There's nothing particularly subtle about AK/DK, nor much in the way of pretence either. Much like Krautrock kings Kraftwerk who named their albums with titles such as Autobahn, Machine Music and Computer World, they wear it on their sleeves, even to the extent of displaying their loved synths, pedals, and other tools and gadgets they employ in trade of music making (along with the clothes they wear…).
Following vintage sounding ambient synth waves of the brief opening trace 'Introduction', AK/DK get down to business with 'Maxwell's Waves', setting the table as it were, with driving and repetitive, synths. Live drums provide the groove-laden backbone; it's where synth-dance pioneer Georgio Moroder meets the rawer, disco-punk of DFA and LCD. Following track 'Random Resonant Arp Disco' takes in some subtle influences from Krautrock before ratcheting up the distortion amid the steady synth melody lines and the bleeps and whirls deeply embedded in the mix.

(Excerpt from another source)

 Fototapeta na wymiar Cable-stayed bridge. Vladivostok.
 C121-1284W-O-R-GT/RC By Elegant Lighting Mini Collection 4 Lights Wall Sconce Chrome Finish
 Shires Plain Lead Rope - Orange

'Modular' is a crushing, furious beast of a 'song', acid-tinged in places, double drumming driving it along, while 'Autoservice' is more ambient fair, synths bleeping, fluttering and drifting along while what sounds like a melodica ekes out a melody, before closing with the deep sound of a synth and the duo talking and flicking switches in the studio… It's this playfulness about AK/DK that has been a key factor in their growing popularity as a live act, replicated (as well as could be expected here) on record; although the use of a megaphone, a feature of the live show, is almost non-existent except for some unintelligible 'singing' on the epic 'Toucan Tango'.

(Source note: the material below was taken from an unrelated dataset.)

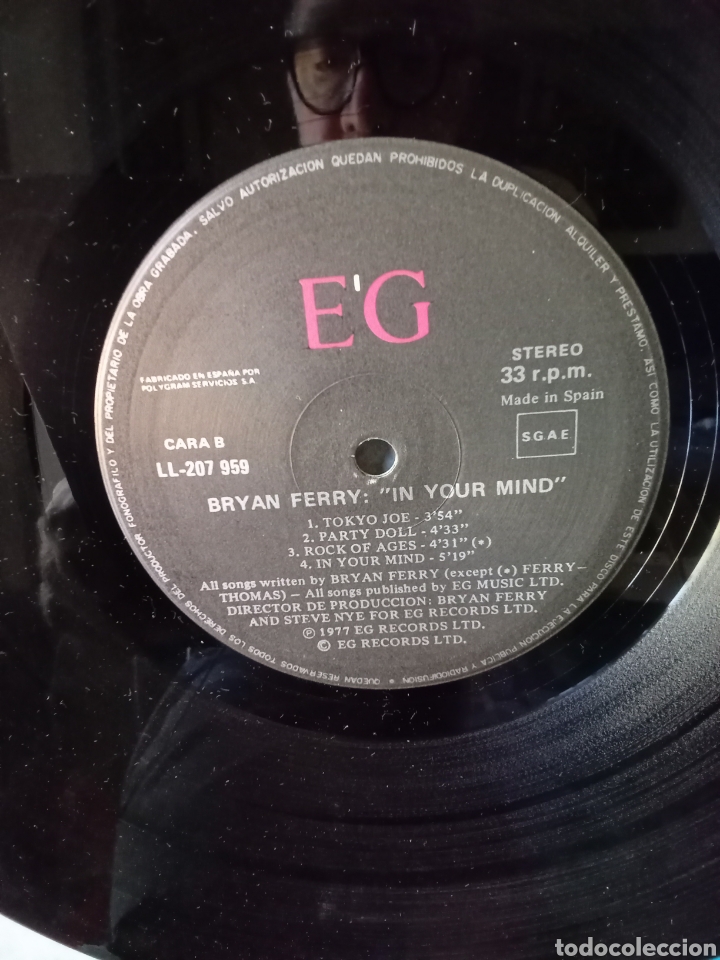 Discos de vinilo: BRYAN FERRY 1977 Copia Spain Virgin Polygram.Nuevo - Foto 5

Synths + Drums + Noise + Surface has been made with the stage in mind; somewhat improvised, and with apparently few edits, it's a good representation of their live shows, which are energetic, high protein affairs that aim to get you moving, nay even noshing, such is their fierce yet rhythmic sound. But the album does the right thing by interspersing some of the heavily distorted noise with gentler electronic grooves and textures with album closer with the Orbesque 'Seq and You Shall Find' providing a suitably calming finale.